I think the irreducible " primary problem " as you call it, is this

vicious circle. How a person gets into this vicious circle in the

first place is another issue. That's pathogenesis, while the other

is pathophysiology. Knowing the pathophysiology doesn't

automatically tell you what the pathogenesis was. I think the

pathogenesis takes place when glutathione drops far enough as a

result of a variety of possible reasons, in a person who has

been " set up " by their particular combination of genetic

variations. I think this is what makes possible the development of

the vicious circle, which traps them. I think that explains why we

are getting more evidence for the genetic predisposition, while we

also have plenty of evidence for a history prior to onset of some

combination of things that present major demands on the supply of

glutathione.

>

> For example, consider the hypothesis of a mercury load as a

possible

> primary factor, or at least a major co-factor for CFS in a

genetically

> susceptible person, similar to Autism. That will certainly block

parts

> of the methylation cycle for some people, causing the lowered

> glutathione production capacity. But additionally, mercury also

could

> block other systems, digestive enzymes perhaps. If a person also

has a

> compromised BBB (due to infection, EMF, vascular disease, etc.),

then

> the blocked digestive enzymes cause a huge problem, as large

protein

> molecules can get into the brain where they can cause reactions,

and

> neurological disruption. Just as we see with inadequate

processing of

> casein molecules in Autism. So in this case the glutathione

problem

> would not be at the top of the pathology, but one of several

result of

> the primary factor(s). And maybe this type of situation can

explain the

> consistent concurrency of the more loosely-related CFS pathologies.
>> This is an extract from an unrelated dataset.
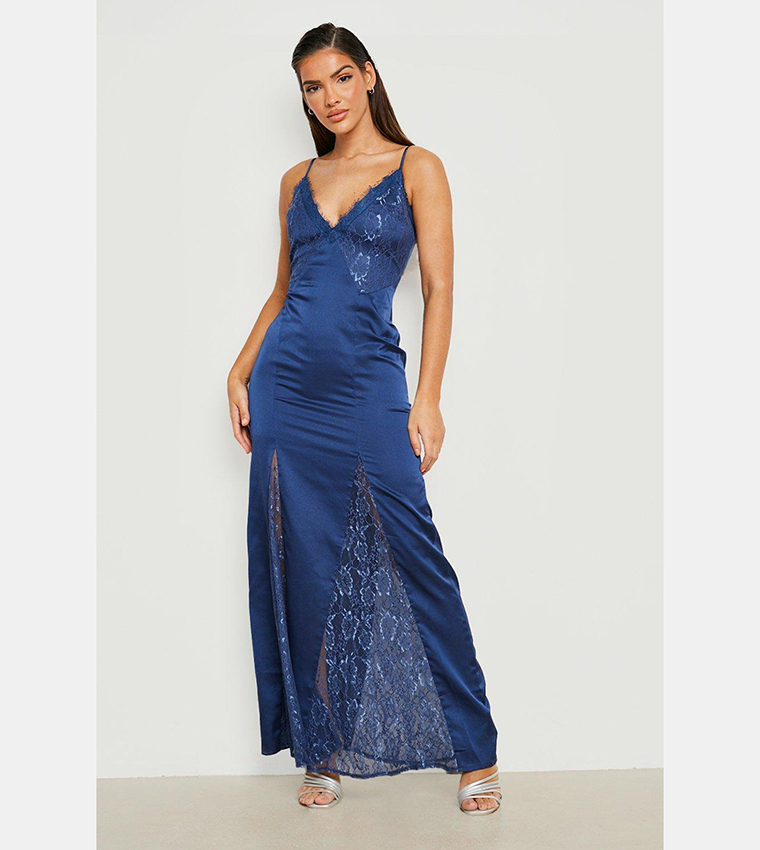 Satin Lace Mix Godet Maxi Dress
> They may all stem from a reliable, common cause.

***I agree that mercury exposure can be an initial stressor for some

people who develop CFS, and certainly for many who develop autism.

But in order to have toxic effects, the mercury level in the body

must rise to toxic levels. I don't think it's possible to develop a

high body burden of mercury unless the glutathione level drops,

because otherwise the glutathione would take out the mercury and

prevent its rise (assuming that the glutathione transferase enzymes

are O.K., which they are not in some people, and that's another

subset). So these two go together. Do you blame the mercury, or

the lack of glutathione? I do think that glutathione depletion is a

core feature of the pathogenesis in many PWCs. Lots of things can

cause it to become depleted, and if you want to call those the

causes of CFS, that's fine. But those same things don't cause CFS

in most of the population, so I think the genetic predisposition of

PWCs must be included in the root causes. To develop a viable

hypothesis for pathogenesis, you have to start with an apparently

healthy person (albeit one who has some so far innocuous genetic

variations), and move from there to an ill person, and the process

must not have " jumps, " but must be continuous and must be self-

consistent at every stage.

***I think that some of the issues are semantic. For example, in

defining the " cause " or " causes, " do you focus on the underlying

things that make the person vulnerable and set him or her up, or do

you just look at the visible things that went on before they became

ill. I think you have to consider both.

***Once the person becomes ill, the picture gets really tangled,

because there are all sorts of feedbacks, interactions and vicious

circles that get going, and I think there are more as time goes by.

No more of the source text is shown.